In the evening papers Anthony Trent was gratified to learn that the highly-born, thin, haughty person was none other than the Baron von Reisende who had received his congé with Bernstorff and was thought to be in the Wilmhelmstrasse. He had probably returned by way of Mexico.

And certain politicians of the baser sort were sternly warned against plotting the downfall of America’s allies. Altogether Trent had done a good night’s work for his country. As for himself twenty thousand dollars went far toward making the total he desired.

Consistent success in such enterprises as his was leading him into a feeling that he would not be run to earth as had been those lesser practitioners of crime who lacked his subtlety and shared their secrets with others.

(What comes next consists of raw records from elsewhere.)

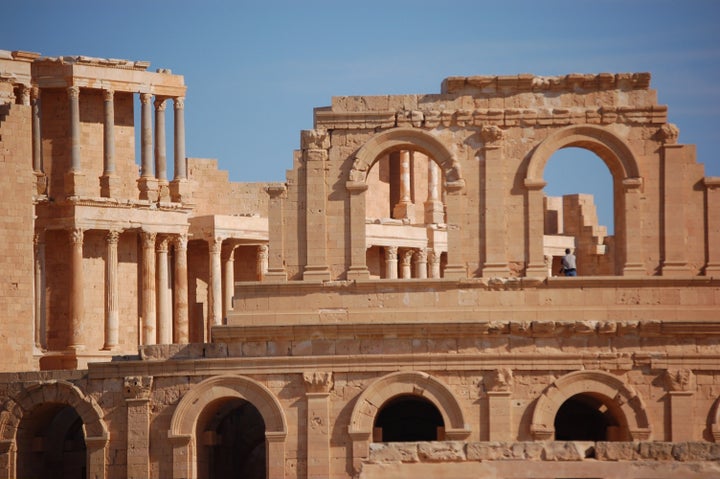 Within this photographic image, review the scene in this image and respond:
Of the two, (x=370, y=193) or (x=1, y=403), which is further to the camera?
(x=370, y=193)

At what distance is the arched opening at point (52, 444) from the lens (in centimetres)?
5491

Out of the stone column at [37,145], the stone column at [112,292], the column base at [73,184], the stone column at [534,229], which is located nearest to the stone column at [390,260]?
the stone column at [112,292]

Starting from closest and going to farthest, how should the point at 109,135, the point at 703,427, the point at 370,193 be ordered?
the point at 703,427
the point at 109,135
the point at 370,193

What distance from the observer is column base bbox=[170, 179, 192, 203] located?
70562 millimetres

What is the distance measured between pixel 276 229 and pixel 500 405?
7226 millimetres

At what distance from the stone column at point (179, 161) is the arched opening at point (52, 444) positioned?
13980mm

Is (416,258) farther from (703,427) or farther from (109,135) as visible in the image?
(703,427)

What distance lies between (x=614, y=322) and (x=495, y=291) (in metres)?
3.06

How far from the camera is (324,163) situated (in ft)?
177

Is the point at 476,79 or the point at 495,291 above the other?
the point at 476,79

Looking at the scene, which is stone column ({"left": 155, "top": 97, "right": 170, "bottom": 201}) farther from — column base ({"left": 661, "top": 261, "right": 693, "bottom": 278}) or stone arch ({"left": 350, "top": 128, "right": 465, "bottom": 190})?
column base ({"left": 661, "top": 261, "right": 693, "bottom": 278})

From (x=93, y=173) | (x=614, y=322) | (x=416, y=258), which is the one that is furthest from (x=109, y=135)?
(x=614, y=322)

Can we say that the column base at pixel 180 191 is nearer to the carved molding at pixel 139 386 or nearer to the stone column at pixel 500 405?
the carved molding at pixel 139 386

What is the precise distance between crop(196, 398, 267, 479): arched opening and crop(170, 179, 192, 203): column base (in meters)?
14.0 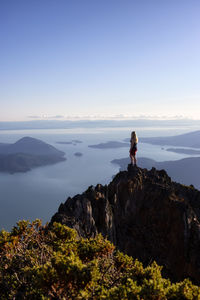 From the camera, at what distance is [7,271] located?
37.2 ft

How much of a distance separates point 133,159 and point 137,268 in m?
20.1

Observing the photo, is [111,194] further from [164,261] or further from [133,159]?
[164,261]

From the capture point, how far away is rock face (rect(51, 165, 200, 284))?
2488cm

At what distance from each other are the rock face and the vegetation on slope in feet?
31.0

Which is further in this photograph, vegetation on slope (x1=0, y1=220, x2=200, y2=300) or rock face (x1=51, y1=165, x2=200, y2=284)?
rock face (x1=51, y1=165, x2=200, y2=284)

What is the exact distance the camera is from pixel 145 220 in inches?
1129

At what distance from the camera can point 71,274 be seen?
735 centimetres

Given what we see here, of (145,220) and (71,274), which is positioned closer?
(71,274)

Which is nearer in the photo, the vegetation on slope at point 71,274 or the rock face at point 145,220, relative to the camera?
the vegetation on slope at point 71,274

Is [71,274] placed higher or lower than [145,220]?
higher

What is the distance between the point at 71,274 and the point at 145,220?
76.3 ft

But there was always the chance that he had been observed when he thought he was alone in some great house. Austin, the Conington Warren butler, looked him full in the face on his first adventure. And that other butler who served the millionaire whose piano he had wrecked might, some day, place a hand on his shoulder and denounce him to the world. Yet butlers were beings whose duties took them little abroad. They did not greatly perturb him.

CHAPTER XIII
ANTHONY TRENT INTERESTS HIMSELF IN POLICE GOSSIP

SO far as he knew, none suspected him. His face had been seen on one or two occasions, but he was of a type common among young Americans of the educated classes. Above middle height, slenderly fashioned but wire-strong, he had a shrewd, humorous face with strongly marked features. It might be that the nose was a trifle large and the mouth a trifle tight, but none looking at him would say, “There goes a criminal.” They would say, rather, “There goes a resourceful young business man who can rise to any emergency.”

Since Trent had calculated everything to a nicety, he knew he must, during these harvesting years, deny himself the privilege of friendship with other men or women. Too many of his gild had lost their liberty through some errant desire to be confidential. This habit of solitude was trying to a man naturally of a sociable nature, but he determined that it could be cast from him as one throws away an old coat when he was a burglar emeritus.

That blessed moment had arrived. He even looked up an old editor friend, the man who had first put into his mind that he could make more money at burglary than in writing fiction.

“It’s good to see you again!” cried the editor. “I often wish you hadn’t been left money by that Australian uncle of yours, so that you could still write those corking crook yarns for us. There was never any one like you. I was talking about you at the Scribblers’ Club dinner the other night.”

Trent frowned. Publicity was a thing to avoid and this particular editor had always been ready to sound his praise. The editor had once before asked him to join this little club made up of professional writers. They were men he would have delighted to know under other conditions.